Controlli e liti

Ma le pretese del Fisco devono già riportare le prove a fondamento

Nella fase procedimentale l’onere probatorio tutela il diritto alla difesa del contribuente

IMAGOECONOMICA

di Dario Deotto e Luigi Lovecchio

Le nuove regole sullo specifico onere probatorio tributario (articolo 7, comma 5-bis, del Dlgs 546/1992) realizzano la piena osmosi tra prova procedimentale e quella processuale: ciò che fa prova nel processo deve fare prova anche nel procedimento e viceversa.

Sul Sole 24 ore del 12 settembre scorso abbiamo affermato che con la riforma del processo tributario è stato introdotto un concetto di prova “autoctono” nel diritto tributario, mutuandolo sì dall’articolo 2697 del Codice civile ma anche tenendo conto della peculiarità della materia. Ma si ritiene che si sia anche voluto stabilire che la prova tributaria non può essere confinata (solo) al campo del processo. La previsione dell’articolo 7, comma 5-bis («l’amministrazione prova in giudizio le violazioni contestate con l’atto impugnato») conferma l’inevitabile connessione tra la fase procedimentale e quella processuale anche per il tema della prova tributaria. E proprio in quest’ottica si condividono le osservazioni del professor Giuseppe Tinelli (sul Sole 24 Ore del 9 settembre), secondo cui le regole sull’onere della prova avrebbero potuto, meglio, essere inserite tra quelle procedimentali o, ancora più correttamente, nello Statuto del contribuente.

L’indicazione delle prove

A ogni modo, la nuova previsione del comma 5-bis dell’articolo 7 assume una notevole importanza. Spesso la giurisprudenza di legittimità ha infatti sostenuto che l’amministrazione non è tenuta a indicare nella motivazione dell’atto le prove a fondamento della pretesa, in quanto la motivazione attiene alla fase procedimentale mentre la prova solo a quella processuale. Tali conclusioni non possono però ritenersi corrette, perché l’elemento che ha dignità di prova nel processo non può che avere la medesima dignità nella fase procedimentale.

La prova, infatti, entra nel percorso di motivazione dell’accertamento a pena di invalidità di quest’ultima, risultando un elemento necessario della medesima motivazione. D’altronde, già varie disposizioni di legge prevedono che nella motivazione degli avvisi di accertamento (come quelli Iva: articolo 56, comma 2, del Dpr 633/1972) debbano essere indicati, a pena di nullità, gli “elementi probatori”. E l’obbligo di indicare la prova della pretesa è stabilito anche negli atti di contestazione ex articolo 16 del Dlgs 472/97.

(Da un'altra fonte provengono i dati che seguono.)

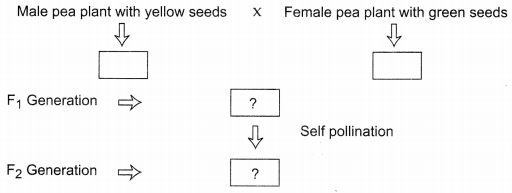 CBSE Sample Papers for Class 10 Science Term 2 Set 3 with Solutions IMG 3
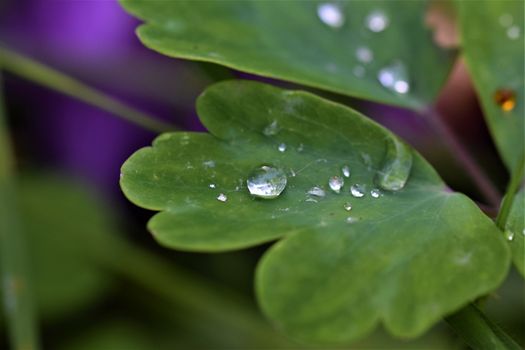 Water drops on green leaf as a close up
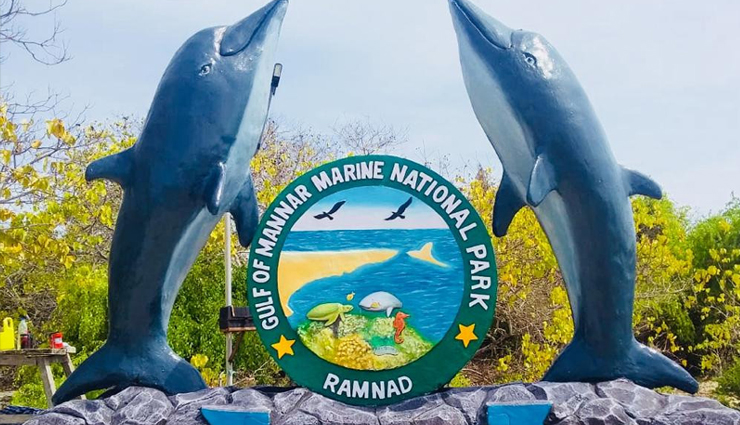 tamil nadu national parks,wildlife sanctuaries in tamil nadu,mudumalai wildlife sanctuary,indira gandhi wildlife sanctuary,top bird sanctuaries in tamil nadu,tamil nadu biodiversity,endangered species in tamil nadu,tamil nadu forest reserves,tamil nadu ecotourism,best wildlife photography spots in tamil nadu,tamil nadu wildlife conservation,tamil nadu wildlife safari,flora and fauna of tamil nadu,trekking in tamil nadu national parks,wildlife sanctuaries near chennai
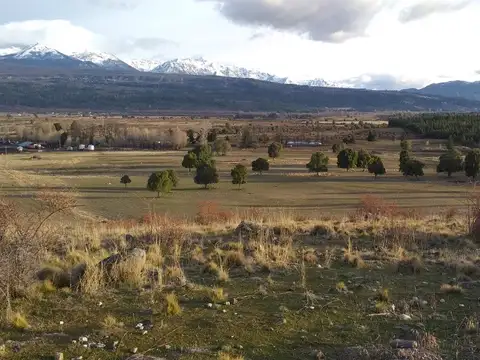 Campo en Venta de 22  ha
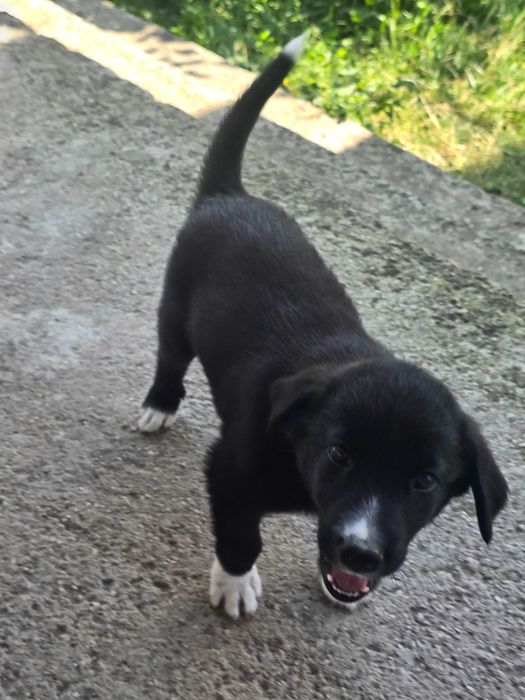 Adopție animalele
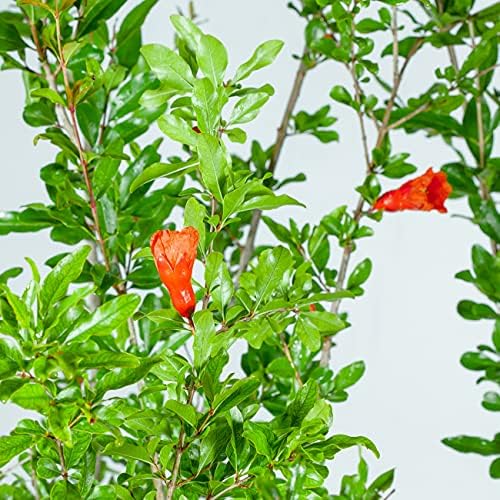 PERFECT PLANTS Wonderful Pomegranate Tree Large Delicious Fruit |, 1 Gal, Heavy Producer, 1 count - Image 5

È vero, in sostanza, che la motivazione agisce sul piano procedimentale e la prova su quello processuale. Ma tale distinzione non può essere considerata in termini assoluti: in ogni caso, la prova costituisce un elemento indefettibile della motivazione. Sicché la prova della sua pretesa l’amministrazione deve fornirla già nella fase procedimentale, indicandola nella motivazione dell’atto di imposizione a tutela del diritto di difesa del contribuente.